======== Exercise material ========
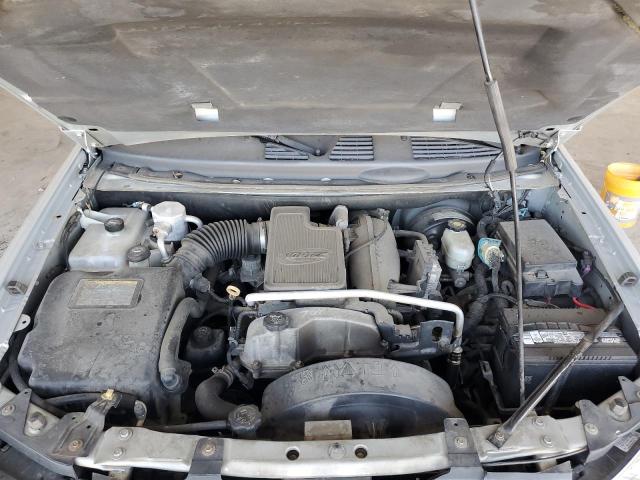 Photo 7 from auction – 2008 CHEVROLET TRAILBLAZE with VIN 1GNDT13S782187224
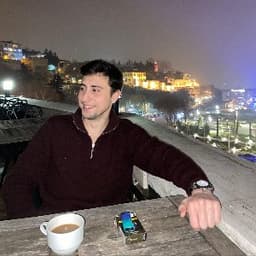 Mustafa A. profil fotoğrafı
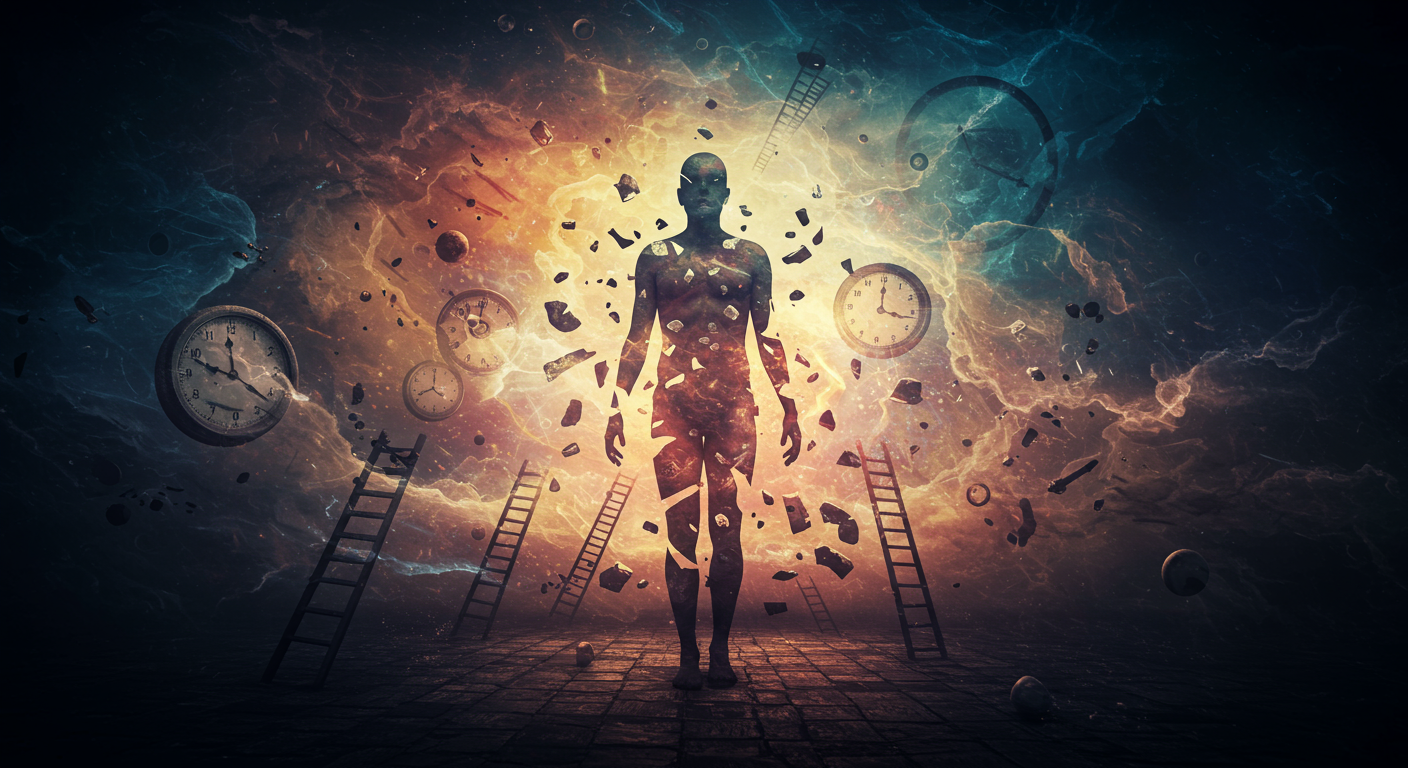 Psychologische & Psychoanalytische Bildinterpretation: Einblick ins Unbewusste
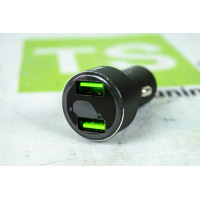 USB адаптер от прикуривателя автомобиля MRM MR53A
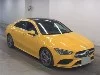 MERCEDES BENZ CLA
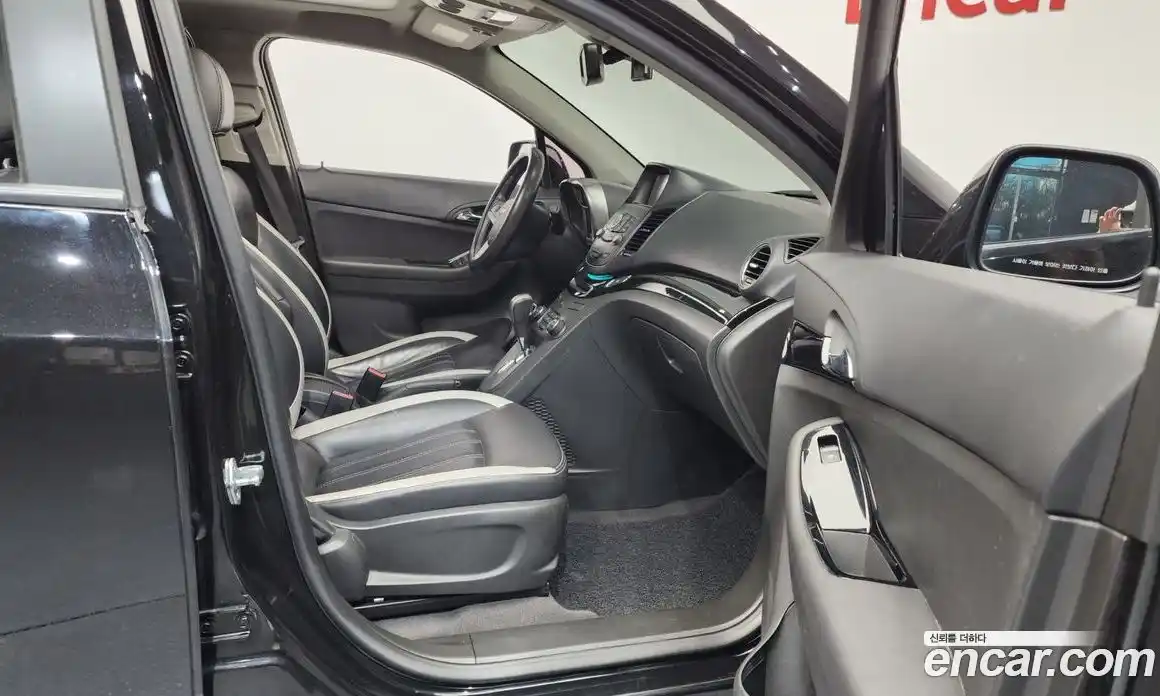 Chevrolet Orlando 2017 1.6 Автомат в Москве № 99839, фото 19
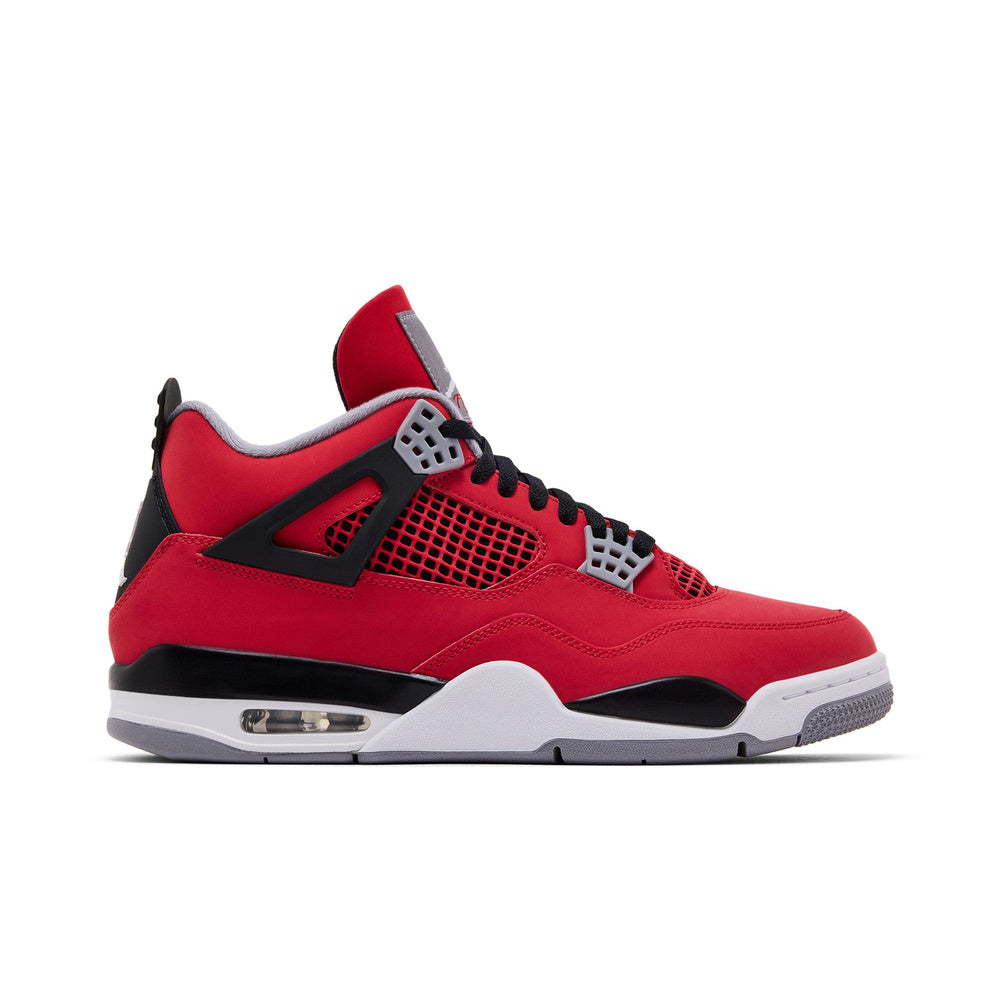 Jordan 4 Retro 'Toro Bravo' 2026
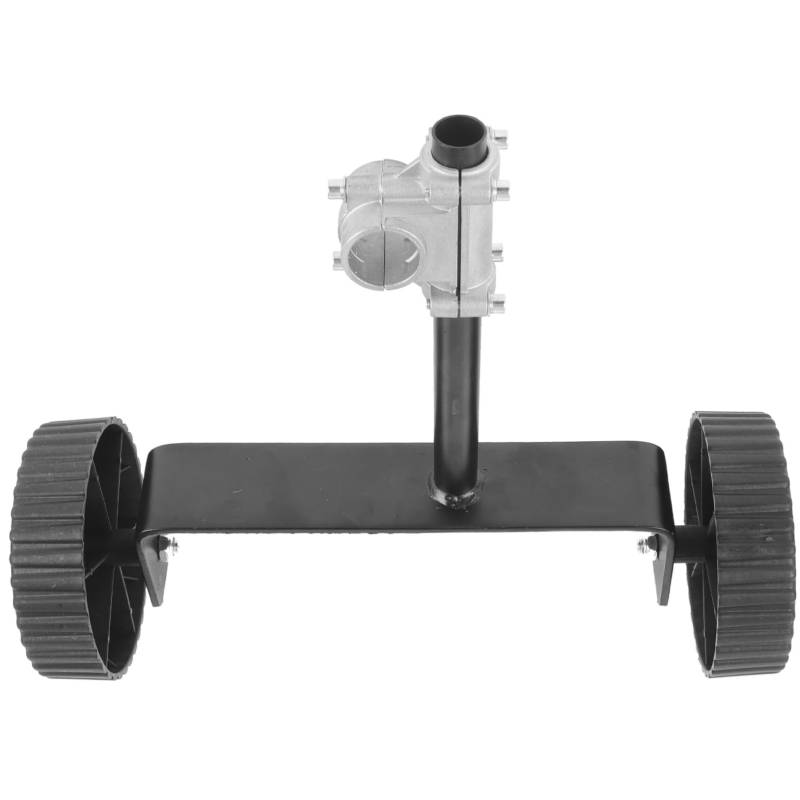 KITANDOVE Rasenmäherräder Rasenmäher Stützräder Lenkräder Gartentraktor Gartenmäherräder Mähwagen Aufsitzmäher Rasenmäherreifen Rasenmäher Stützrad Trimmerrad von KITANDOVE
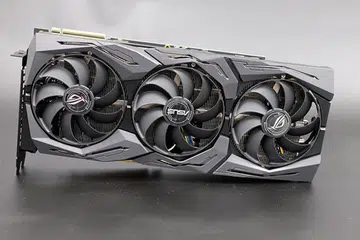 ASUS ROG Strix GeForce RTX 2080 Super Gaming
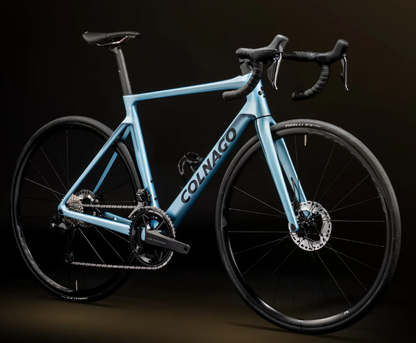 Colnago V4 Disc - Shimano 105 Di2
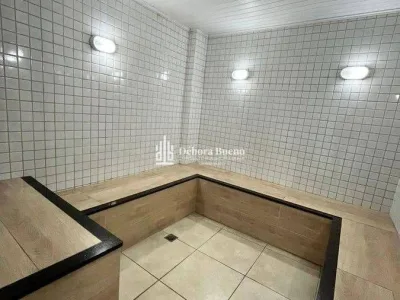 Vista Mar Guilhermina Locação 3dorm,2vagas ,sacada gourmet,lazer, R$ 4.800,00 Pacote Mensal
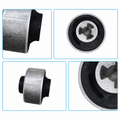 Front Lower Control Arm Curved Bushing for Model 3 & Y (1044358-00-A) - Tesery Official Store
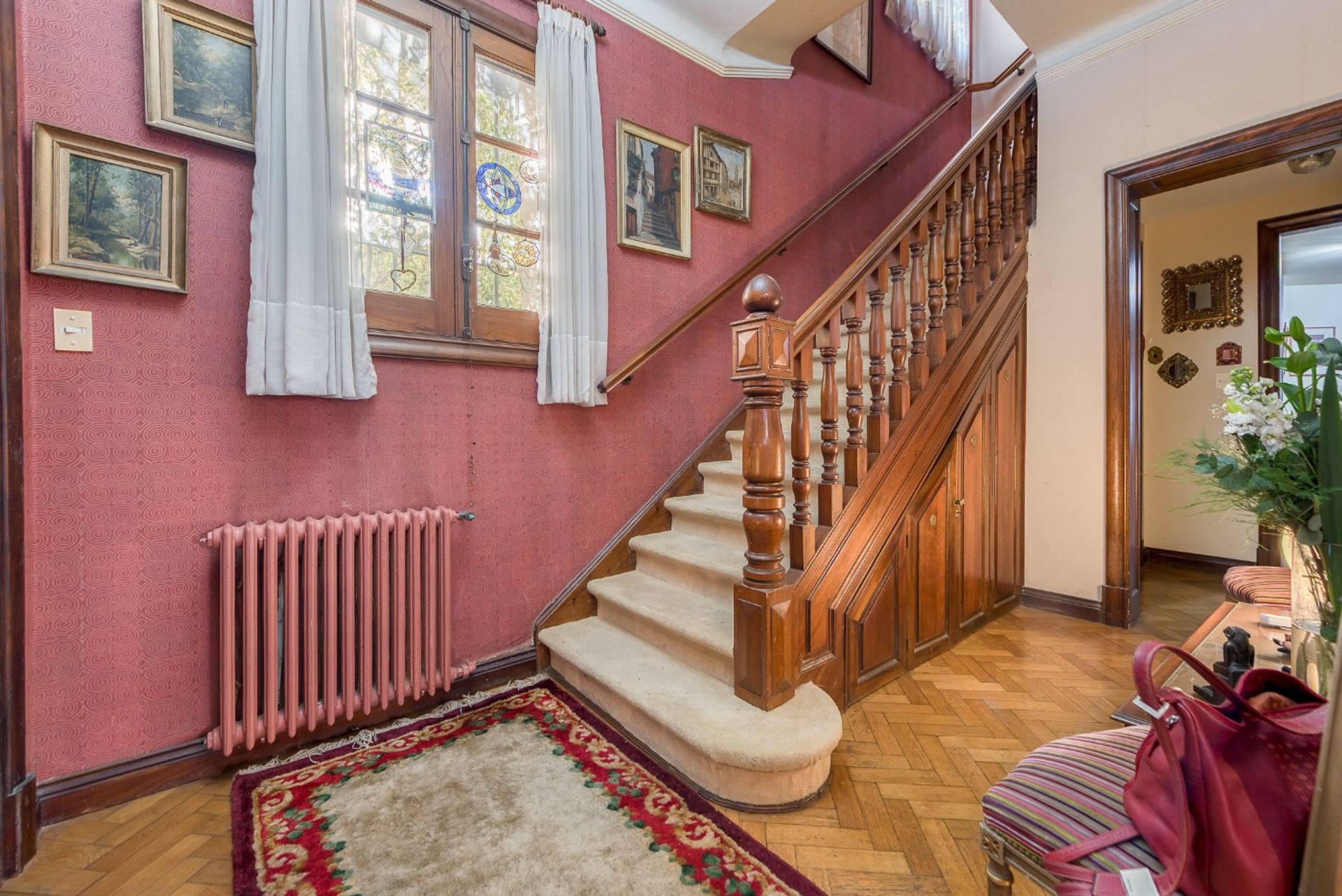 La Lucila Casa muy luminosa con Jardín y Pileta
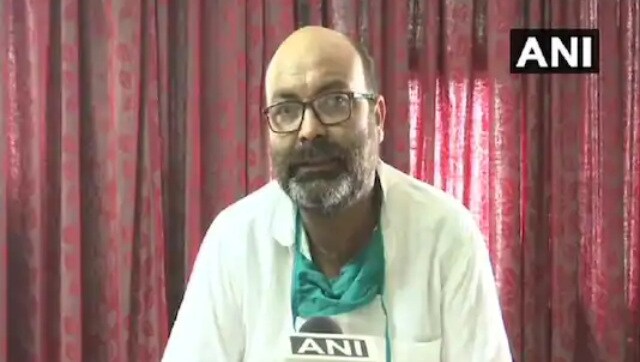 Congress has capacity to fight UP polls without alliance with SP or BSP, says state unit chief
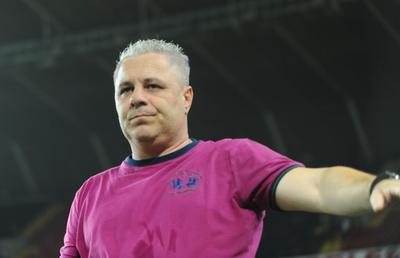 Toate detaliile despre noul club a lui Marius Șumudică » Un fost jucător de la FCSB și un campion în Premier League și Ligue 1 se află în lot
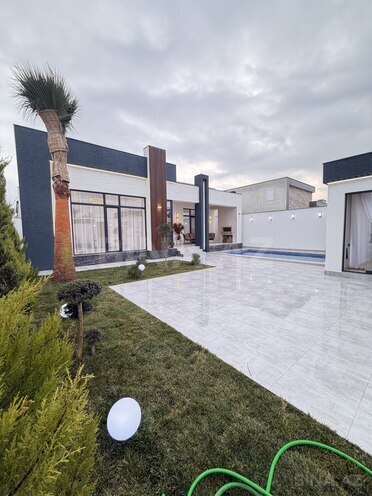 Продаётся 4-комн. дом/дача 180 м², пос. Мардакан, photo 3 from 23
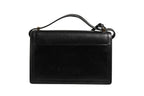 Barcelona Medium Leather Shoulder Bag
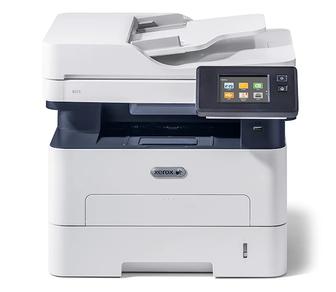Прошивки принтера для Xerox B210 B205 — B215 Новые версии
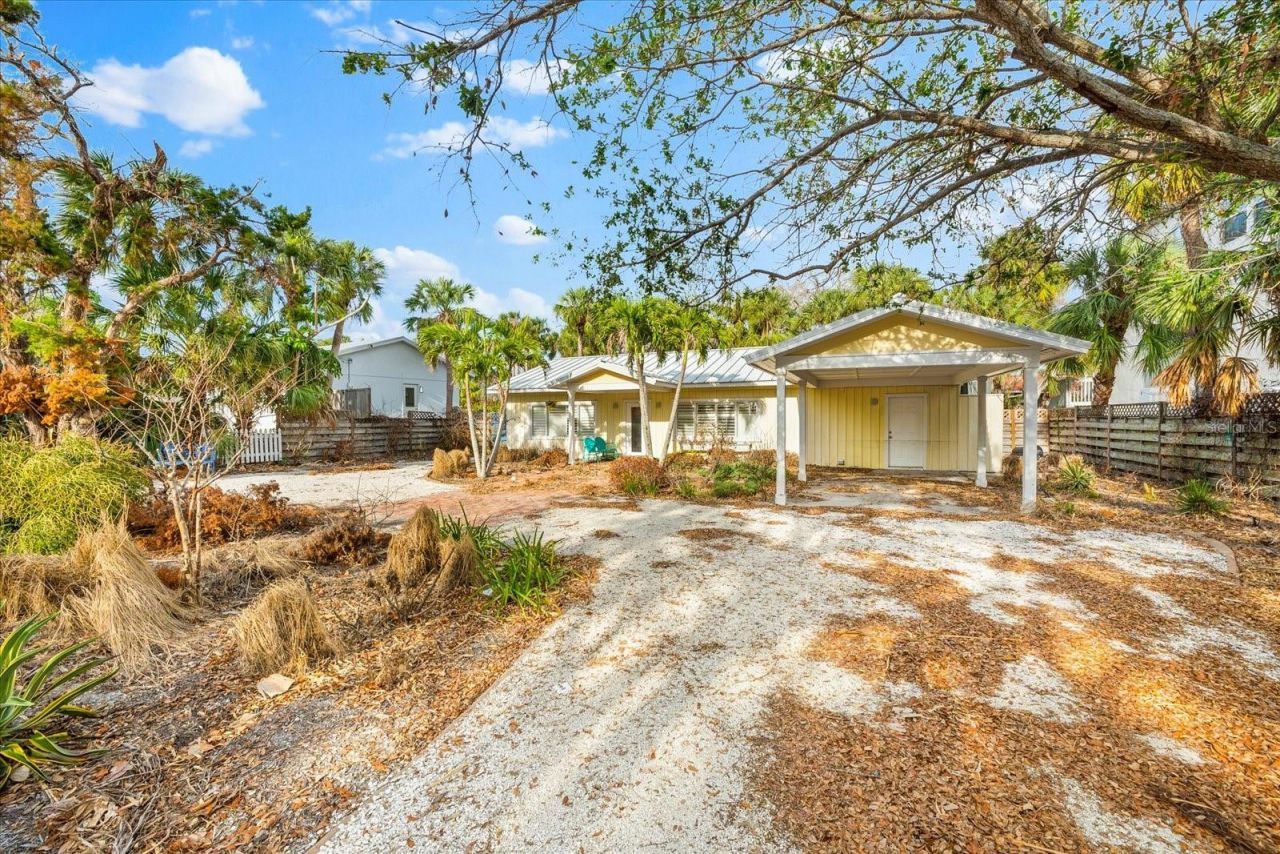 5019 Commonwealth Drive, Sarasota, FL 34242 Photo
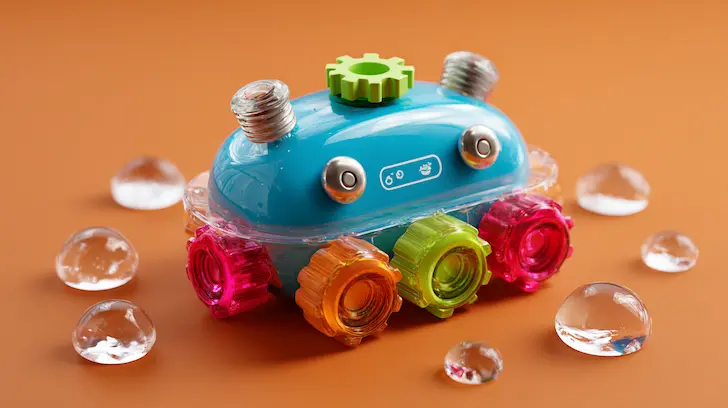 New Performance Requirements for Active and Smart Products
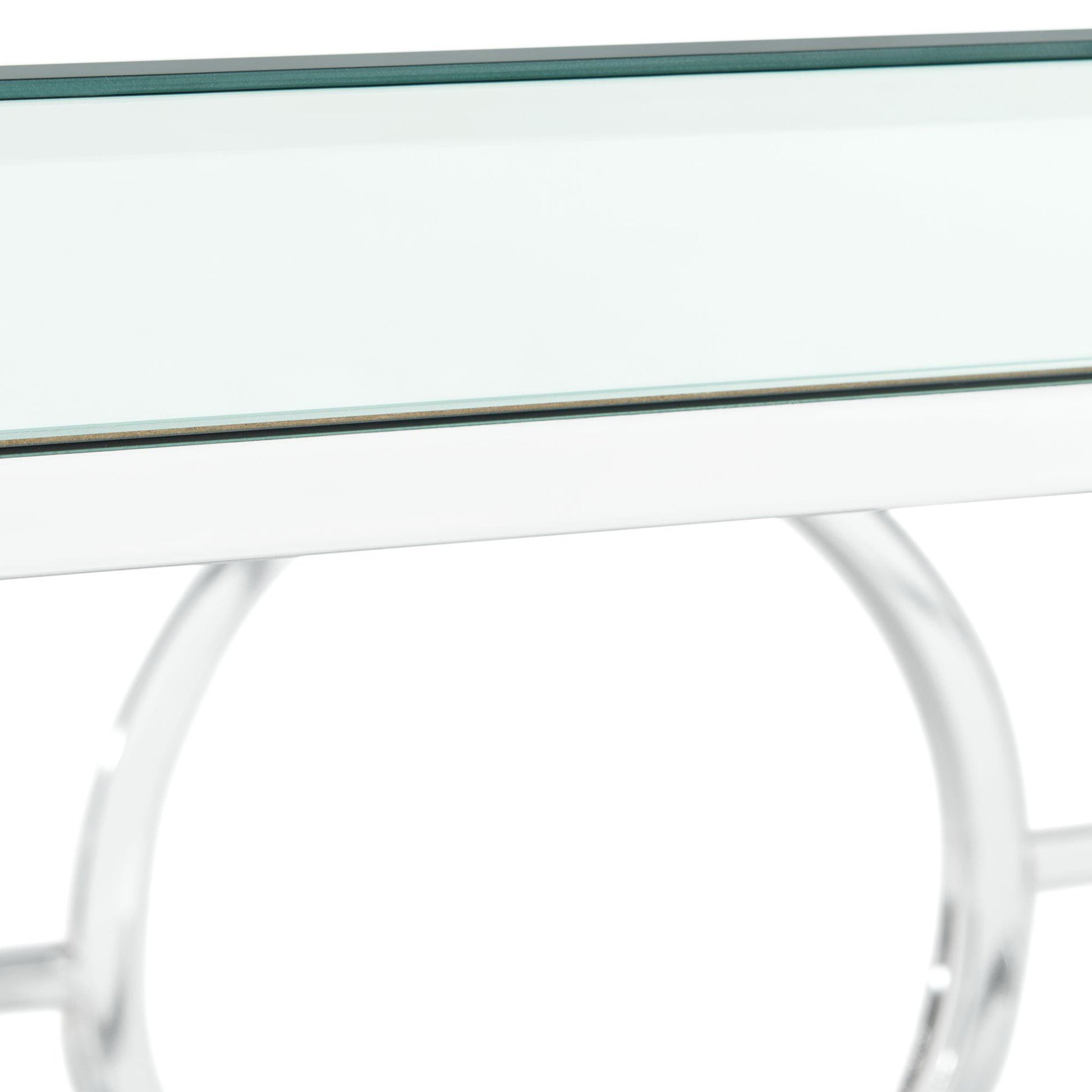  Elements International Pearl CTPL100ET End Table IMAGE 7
========
• [What is required]:
Starting with the line that has "MERCEDES BENZ CLA" and going on through the line that has "Front Lower Control", transcribe the records above exactly, but skip the pictures.

• [Reply to the task]:
 MERCEDES BENZ CLA
 Chevrolet Orlando 2017 1.6 Автомат в Москве № 99839, фото 19
 Jordan 4 Retro 'Toro Bravo' 2026
 KITANDOVE Rasenmäherräder Rasenmäher Stützräder Lenkräder Gartentraktor Gartenmäherräder Mähwagen Aufsitzmäher Rasenmäherreifen Rasenmäher Stützrad Trimmerrad von KITANDOVE
 ASUS ROG Strix GeForce RTX 2080 Super Gaming
 Colnago V4 Disc - Shimano 105 Di2
 Vista Mar Guilhermina Locação 3dorm,2vagas ,sacada gourmet,lazer, R$ 4.800,00 Pacote Mensal
 Front Lower Control Arm Curved Bushing for Model 3 & Y (1044358-00-A) - Tesery Official Store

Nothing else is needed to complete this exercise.